Но здесь, у нас; в стране стран,

Все изменилось от кровли до основания:

Праздник приходит и окружает

Самые будничные будни,

Верностью, лаской и славой,

И над ними расстилается

Красочная, прекрасная радуга.

(Прозаический перевод А. Г.)

Поэт бесконечно, благодарен своей родной стране за то, что она научила его сберечь в душе огонь поэзии и дала ему неиссякаемый источник жизни.

МОЯ СТРАНА

Я благодарен тебе за очень многое,

Но больше всего-- за то чувство,

Что ты нынче пробудила во мне,

Что ни вихрь в пути

И ни снег, который хлещет и жжет,

Не могут потушить из сердца песню.

Когда-то в поле — тот же снег

Своим стенаньем, своим круженьем

Напомнил мне о белом покое,

Которого я до сих пор к себе не допускаю,

И глубоко во мне живет желанье

Не допускать еще очень долго.

(Прозаический перевод А. Г.)

В лирике Галкина, как у других подлинных советских поэтов, мы начинаем ощущать силу освобожденного человеческого чувства, начинаем ощущать новый, социалистический гуманизм, поднявший на небывалую высоту человеческое достоинство. Вот почему, даже когда Галкин и .не говорит непосредственно о нашей социалистической стране мы в прозрачных и глубоко человеческих его стихах чувствуем дыхание взлелеявшей его поэзию родины, впервые за всю свою долгую историю свободно вздохнувшей полной грудью. В этом глубокий социальный смысл лирики Галкина. {189}

За последнее время С. Галкин выдвинулся; также в области драматургии. Сближению его с театром очень содействовала его работа над переводом на еврейский язык шекспировского «Короля Лира», поставленного Московским государственным еврейским театром. Перевод отмечен замечательным поэтическим мастерством. Много своеобразия и лирической прелести внес Галкин и в свой новый текст старой пьесы А. Гольдфадена «Суламифь», сделанной по поручению того же театра. Но подлинным литературным событием явилась его последняя работа — драматическая поэма «Бар-Кохба», поставленная в марте нынешнего года Московским еврейским театром. Поэт Галкин помог театру создать исторический спектакль большого героического звучания.

Работая над исторической темой, Галкин (заодно с театром) поставил перед собой задачу — показать элементы народного героизма, который постоянно жил в борьбе народных масс против своих угнетателей и притеснителей, в борьбе за свободу, честь и независимость. С этой точки зрения взятый Галкиным исторический эпизод — восстание еврейского народа во главе с Бар-Кохбой против владычества Рима — является чрезвычайно значительным.

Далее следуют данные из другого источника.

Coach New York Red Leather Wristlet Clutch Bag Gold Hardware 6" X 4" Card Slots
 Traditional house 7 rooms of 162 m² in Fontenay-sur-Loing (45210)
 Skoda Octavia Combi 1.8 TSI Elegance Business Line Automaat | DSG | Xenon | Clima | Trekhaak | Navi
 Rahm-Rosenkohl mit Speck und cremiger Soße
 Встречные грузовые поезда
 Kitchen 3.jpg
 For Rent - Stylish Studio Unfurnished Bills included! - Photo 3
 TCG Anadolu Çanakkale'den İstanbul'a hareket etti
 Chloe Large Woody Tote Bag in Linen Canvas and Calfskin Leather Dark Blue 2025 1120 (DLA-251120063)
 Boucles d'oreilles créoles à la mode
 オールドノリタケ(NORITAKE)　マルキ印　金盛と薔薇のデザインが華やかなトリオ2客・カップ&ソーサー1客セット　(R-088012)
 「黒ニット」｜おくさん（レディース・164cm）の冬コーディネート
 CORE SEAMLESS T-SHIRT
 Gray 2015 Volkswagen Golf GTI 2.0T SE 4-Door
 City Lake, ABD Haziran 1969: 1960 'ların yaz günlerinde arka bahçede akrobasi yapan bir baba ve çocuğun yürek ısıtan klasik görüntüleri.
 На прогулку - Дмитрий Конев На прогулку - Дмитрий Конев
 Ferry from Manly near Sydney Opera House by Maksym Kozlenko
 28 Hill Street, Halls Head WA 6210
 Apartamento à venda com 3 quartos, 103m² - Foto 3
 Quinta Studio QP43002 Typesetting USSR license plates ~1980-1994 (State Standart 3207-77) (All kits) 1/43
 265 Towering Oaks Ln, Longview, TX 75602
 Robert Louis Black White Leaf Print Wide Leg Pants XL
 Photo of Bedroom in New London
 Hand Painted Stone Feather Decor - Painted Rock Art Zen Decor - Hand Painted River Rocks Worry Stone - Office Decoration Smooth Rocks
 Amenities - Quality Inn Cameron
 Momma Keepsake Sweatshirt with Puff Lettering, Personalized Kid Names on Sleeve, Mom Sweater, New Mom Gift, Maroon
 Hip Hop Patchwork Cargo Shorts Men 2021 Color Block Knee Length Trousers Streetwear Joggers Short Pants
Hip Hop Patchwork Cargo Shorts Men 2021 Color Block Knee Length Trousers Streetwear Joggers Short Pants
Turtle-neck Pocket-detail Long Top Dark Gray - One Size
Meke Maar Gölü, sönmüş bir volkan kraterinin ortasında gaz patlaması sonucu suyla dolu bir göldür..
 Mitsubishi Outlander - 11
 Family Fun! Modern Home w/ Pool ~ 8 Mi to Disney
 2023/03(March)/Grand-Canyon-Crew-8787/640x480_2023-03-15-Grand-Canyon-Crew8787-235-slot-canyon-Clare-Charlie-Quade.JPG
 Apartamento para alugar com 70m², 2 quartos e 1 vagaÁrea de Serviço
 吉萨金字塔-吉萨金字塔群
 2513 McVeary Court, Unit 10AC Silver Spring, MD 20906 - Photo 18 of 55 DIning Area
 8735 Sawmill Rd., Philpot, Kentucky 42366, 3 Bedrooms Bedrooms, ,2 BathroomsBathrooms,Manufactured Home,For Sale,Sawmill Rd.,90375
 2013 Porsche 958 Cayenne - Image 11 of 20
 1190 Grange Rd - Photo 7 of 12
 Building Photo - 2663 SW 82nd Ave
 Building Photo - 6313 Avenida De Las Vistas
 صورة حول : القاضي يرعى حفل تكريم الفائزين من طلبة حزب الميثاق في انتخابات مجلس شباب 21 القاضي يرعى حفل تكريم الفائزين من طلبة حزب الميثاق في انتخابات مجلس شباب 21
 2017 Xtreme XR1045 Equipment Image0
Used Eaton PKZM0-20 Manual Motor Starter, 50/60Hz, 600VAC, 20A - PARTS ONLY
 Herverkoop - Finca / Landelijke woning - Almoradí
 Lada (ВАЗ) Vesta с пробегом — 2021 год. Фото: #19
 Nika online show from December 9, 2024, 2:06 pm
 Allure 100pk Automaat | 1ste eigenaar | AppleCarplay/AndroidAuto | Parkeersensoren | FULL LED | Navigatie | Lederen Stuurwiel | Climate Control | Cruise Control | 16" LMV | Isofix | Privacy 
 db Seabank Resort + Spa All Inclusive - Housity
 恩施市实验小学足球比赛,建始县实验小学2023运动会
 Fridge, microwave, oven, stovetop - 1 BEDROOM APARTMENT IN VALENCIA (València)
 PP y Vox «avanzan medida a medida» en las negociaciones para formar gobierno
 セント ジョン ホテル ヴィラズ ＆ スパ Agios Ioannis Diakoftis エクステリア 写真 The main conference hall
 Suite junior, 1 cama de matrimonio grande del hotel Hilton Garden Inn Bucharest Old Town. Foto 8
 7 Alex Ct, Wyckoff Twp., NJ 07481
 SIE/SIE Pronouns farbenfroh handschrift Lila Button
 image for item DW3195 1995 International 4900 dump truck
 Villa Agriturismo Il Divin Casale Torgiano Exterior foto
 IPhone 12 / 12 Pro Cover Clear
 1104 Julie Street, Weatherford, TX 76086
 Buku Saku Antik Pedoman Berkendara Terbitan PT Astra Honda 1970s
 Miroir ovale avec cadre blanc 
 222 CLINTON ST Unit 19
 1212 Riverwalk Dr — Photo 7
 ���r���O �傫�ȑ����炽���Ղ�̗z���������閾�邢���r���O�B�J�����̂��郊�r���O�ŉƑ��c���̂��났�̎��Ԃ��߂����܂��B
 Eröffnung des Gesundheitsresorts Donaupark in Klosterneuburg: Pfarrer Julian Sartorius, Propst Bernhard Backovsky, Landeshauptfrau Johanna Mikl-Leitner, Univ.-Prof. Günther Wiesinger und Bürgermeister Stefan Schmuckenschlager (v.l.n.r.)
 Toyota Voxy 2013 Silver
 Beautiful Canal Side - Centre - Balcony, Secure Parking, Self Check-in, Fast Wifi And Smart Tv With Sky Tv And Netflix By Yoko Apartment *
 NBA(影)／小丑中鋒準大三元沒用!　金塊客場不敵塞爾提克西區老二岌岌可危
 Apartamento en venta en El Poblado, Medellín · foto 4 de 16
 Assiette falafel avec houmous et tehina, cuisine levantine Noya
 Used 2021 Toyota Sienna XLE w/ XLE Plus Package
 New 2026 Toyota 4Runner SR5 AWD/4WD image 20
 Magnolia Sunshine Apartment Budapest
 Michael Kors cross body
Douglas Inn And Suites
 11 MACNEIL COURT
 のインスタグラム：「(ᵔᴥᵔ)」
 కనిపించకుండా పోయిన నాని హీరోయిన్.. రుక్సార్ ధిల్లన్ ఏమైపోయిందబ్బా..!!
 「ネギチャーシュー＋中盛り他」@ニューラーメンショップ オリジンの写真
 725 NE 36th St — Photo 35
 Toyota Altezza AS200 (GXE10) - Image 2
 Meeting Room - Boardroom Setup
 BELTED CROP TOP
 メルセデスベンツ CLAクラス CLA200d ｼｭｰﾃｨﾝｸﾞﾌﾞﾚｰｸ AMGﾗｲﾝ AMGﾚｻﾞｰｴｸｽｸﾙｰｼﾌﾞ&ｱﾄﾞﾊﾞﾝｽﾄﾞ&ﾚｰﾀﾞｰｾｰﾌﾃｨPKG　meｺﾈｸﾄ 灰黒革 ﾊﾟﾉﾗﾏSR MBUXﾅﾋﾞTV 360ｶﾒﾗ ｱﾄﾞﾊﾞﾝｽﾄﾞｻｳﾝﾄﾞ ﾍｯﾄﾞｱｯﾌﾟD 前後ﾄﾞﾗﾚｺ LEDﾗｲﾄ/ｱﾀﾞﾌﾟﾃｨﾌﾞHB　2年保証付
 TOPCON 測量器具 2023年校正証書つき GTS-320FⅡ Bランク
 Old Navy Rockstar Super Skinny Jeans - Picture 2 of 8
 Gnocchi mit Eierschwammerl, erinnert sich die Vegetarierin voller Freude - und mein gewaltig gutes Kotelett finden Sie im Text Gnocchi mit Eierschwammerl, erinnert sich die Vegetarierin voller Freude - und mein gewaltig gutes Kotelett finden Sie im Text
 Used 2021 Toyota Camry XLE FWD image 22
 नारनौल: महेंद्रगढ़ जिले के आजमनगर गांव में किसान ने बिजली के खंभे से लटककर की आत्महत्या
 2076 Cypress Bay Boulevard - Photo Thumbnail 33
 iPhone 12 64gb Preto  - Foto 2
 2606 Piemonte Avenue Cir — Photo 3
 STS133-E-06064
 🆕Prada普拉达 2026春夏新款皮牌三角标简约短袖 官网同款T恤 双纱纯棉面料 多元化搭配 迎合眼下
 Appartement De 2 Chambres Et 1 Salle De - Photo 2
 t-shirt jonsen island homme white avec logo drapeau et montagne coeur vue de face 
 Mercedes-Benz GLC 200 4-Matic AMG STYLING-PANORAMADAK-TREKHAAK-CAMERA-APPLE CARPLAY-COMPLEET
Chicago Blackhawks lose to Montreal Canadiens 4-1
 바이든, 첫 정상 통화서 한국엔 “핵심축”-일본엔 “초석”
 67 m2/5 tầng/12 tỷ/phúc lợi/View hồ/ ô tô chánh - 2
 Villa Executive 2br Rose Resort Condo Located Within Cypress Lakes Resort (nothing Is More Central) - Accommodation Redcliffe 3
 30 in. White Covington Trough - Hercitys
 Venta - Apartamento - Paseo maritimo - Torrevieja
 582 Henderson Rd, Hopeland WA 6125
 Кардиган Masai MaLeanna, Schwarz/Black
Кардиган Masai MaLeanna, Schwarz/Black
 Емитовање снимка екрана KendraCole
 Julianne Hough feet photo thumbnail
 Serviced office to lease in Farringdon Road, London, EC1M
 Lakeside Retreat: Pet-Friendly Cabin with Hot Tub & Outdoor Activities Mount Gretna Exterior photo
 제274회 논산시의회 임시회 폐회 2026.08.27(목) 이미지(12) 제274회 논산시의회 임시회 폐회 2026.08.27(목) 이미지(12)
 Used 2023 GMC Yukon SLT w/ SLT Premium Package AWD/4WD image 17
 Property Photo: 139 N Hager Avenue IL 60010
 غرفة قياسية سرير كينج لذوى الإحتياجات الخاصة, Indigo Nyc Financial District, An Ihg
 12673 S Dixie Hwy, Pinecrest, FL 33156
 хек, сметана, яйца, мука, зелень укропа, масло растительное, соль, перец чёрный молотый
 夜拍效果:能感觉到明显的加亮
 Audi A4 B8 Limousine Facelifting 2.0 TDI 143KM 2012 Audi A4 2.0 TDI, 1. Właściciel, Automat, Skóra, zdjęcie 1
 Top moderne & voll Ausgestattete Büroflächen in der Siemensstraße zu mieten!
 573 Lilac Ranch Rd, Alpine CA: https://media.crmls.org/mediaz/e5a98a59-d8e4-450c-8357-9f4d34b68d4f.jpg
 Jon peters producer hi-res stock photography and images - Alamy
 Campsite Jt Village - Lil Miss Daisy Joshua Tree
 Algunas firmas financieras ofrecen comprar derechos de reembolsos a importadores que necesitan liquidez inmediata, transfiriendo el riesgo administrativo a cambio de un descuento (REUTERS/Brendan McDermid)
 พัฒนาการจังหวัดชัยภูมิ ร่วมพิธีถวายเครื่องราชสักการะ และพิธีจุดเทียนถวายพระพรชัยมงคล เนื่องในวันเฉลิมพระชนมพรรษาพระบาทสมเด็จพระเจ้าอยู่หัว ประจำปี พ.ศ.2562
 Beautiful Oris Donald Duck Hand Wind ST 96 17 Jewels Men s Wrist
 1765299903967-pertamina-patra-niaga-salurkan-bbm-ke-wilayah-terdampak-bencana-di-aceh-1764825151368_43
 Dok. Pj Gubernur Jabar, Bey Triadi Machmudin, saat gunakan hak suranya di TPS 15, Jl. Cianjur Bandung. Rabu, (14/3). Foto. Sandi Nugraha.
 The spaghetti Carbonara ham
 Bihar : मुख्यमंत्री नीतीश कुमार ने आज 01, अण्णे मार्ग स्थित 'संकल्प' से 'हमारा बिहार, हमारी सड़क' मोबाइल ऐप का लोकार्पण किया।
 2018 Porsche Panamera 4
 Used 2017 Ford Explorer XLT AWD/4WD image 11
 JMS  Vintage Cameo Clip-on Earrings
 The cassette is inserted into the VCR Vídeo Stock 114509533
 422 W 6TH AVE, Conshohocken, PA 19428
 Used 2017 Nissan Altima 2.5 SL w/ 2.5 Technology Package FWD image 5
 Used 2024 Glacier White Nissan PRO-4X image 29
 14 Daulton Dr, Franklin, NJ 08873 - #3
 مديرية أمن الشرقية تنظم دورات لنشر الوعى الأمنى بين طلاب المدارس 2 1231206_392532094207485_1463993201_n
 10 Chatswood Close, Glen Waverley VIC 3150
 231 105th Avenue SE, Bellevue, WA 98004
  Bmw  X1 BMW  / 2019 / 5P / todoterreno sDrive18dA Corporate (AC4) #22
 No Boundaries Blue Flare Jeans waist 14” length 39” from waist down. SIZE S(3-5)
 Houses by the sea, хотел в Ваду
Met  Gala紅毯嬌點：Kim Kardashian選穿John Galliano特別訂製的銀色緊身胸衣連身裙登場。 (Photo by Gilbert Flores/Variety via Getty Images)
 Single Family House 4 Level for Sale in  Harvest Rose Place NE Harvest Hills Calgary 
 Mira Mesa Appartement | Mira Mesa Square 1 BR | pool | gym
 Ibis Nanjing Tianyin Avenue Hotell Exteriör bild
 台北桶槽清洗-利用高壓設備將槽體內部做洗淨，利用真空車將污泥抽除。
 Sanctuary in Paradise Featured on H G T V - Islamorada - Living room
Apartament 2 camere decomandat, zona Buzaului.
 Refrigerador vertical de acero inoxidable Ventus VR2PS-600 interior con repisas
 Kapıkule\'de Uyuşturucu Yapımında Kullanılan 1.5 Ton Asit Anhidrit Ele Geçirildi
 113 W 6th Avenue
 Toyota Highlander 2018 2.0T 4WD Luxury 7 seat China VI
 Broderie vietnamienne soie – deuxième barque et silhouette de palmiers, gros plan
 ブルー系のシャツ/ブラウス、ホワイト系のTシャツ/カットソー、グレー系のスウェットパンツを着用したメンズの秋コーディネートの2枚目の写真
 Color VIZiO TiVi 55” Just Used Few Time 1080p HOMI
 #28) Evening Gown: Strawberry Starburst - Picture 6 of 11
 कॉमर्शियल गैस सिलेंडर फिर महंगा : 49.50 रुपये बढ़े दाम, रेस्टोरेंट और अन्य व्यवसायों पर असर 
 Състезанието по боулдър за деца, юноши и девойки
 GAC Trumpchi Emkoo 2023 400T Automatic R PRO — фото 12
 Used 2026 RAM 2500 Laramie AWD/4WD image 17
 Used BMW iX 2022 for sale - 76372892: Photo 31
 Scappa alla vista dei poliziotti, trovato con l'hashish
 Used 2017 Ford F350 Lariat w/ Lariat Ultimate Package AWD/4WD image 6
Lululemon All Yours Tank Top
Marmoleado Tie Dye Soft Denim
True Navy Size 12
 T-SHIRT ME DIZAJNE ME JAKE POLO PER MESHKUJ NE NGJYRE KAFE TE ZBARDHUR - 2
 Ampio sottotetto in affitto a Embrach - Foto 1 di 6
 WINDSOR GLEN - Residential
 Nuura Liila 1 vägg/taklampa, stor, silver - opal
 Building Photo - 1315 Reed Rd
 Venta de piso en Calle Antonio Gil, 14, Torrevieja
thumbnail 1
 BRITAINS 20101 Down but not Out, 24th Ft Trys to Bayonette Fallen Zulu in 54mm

Перед поэтом стояла, прежде всего, трудная идеологическая задача, потому что вокруг далекого восстания Бар-Кохбы еврейские националисты разных толков сплели националистическую легенду, в которой совершенно затерялось реальное историческое содержание этого народного восстания. Поэту надо было освободить народного богатыря Бар-Кохбу, поведшего народ на борьбу за свободу, от националистических цепей, в которые его пытались заковать буржуазные националисты. С. Галкин задачу эту разрешил, предупредив в этом отношении наших историков. Ему удалось восстановить подлинное демократическое содержание восстания Бар-Кохбы.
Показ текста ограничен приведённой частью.